With initial decisions, almost two-thirds of claimants were declared 'fit for work' by the DWP in 2009 and 2010. This dropped to around half once the reassessment programme got underway in 2011; by 2013, it was a third; by 2014, only a quarter of claimants were declared 'fit for work' by the DWP at the first stage of the decision-making process.

DWP data for the first quarter of 2016 showed that 9% of WCAs carried out at that point in time were reassessments of old Incapacity Benefit claims, while 21% were reassessments of successful ESA claims and the remaining 70% were new assessments of fresh claims. The outcomes, before any reconsiderations or appeals, were:

- After Incapacity Benefit reassessments, 93% of claimants were found to be unfit for work
- After ESA reassessments, 89% of claimants were found to be unfit for work
- After assessments of new claims, 54% of claimants were found to be unfit for work

==History==
The WCA was introduced in 2008. Prior to this, only a small number of Incapacity Benefit claimants were required to undergo assessment. In its last term of office New Labour began to phase out Incapacity Benefit and replace it with a new benefit: Employment and Support Allowance. The policy objectives for the new test were: to accentuate the positive by "looking at what you can do, not what you can't do"; to take into account new disability legislation, changes in the workplace and developments in occupational health; to make the test more stringent; to assess most new claims in person rather than on paper; and, once the new test had bedded in, to use it to re-evaluate virtually every established sickness benefit recipient. To facilitate these last two objectives testing capacity was increased fivefold by employing nurses and physiotherapists to work alongside doctors, and a semi-structured interview technique based on a computer-generated template was used for the first time.

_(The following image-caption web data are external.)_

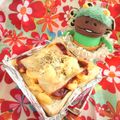 みなみんくっきんぐ's cooksnap of when they made 残ったマカロニサラダのピザトースト.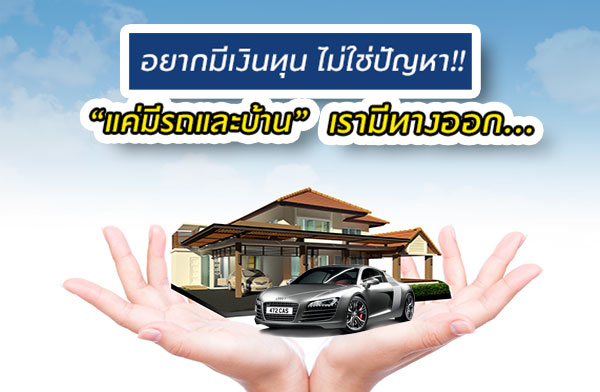 อยากมีเงินทุน ไม่ใช่ปันหา!! แค่มีรถและบ้าน เรามีทางออก... อยากมีเงินทุน ไม่ใช่ปันหา!! แค่มีรถและบ้าน เรามีทางออก...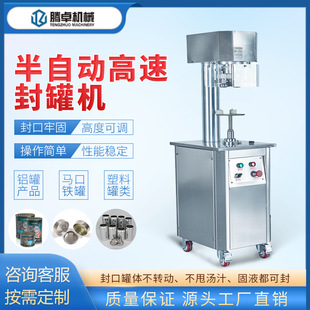 机易拉罐封口机可乐罐轧盖机马口铁罐商用封尾机械 半自动食品灌装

Initially, only fresh claims for ESA were assessed, but the sickness benefit caseload increased – partly a consequence of the banking crisis and its effect on the economy and on jobs. An overhaul of the test began soon afterwards. The Labour Welfare Secretary at the time, James Purnell, wrote that these and other changes would ensure that "only those who are genuinely incapable of work" would get full ESA. The DWP's in-house medical experts piloted the new criteria in 2010 and parliament gave them legal force in March 2011. Some of these changes would make it easier for some claimants with specific conditions to receive ESA, but most were intended to toughen up the test. The WCA then became the fulcrum for a reassessment of all recipients of Incapacity Benefit and all disabled people on Income Support.

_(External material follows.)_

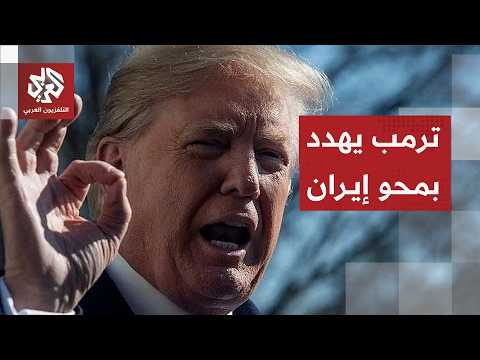 ترمب للإيرانيين: قد نظطر إلى إكمال مهمتنا العسكرية وإذا حدث ذلك لن تبقى إيران جمهورية قائمة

In 2011, after an external review by Professor Malcolm Harrington, Atos designated some of their assessors as 'mental function champions', who would provide mainly telephone advice to other assessors on mental health issues as they related to the WCA's criteria As well as this, in 2011 the DWP began to send decision-makers justifications to the claimants, which explained how the decision was made in plain English.

In 2017, the DWP said that henceforth claimants placed in the Support Group after their WCA who have a "severe, lifelong disability" (as judged by the DWP) would no longer have to undergo periodic reassessment.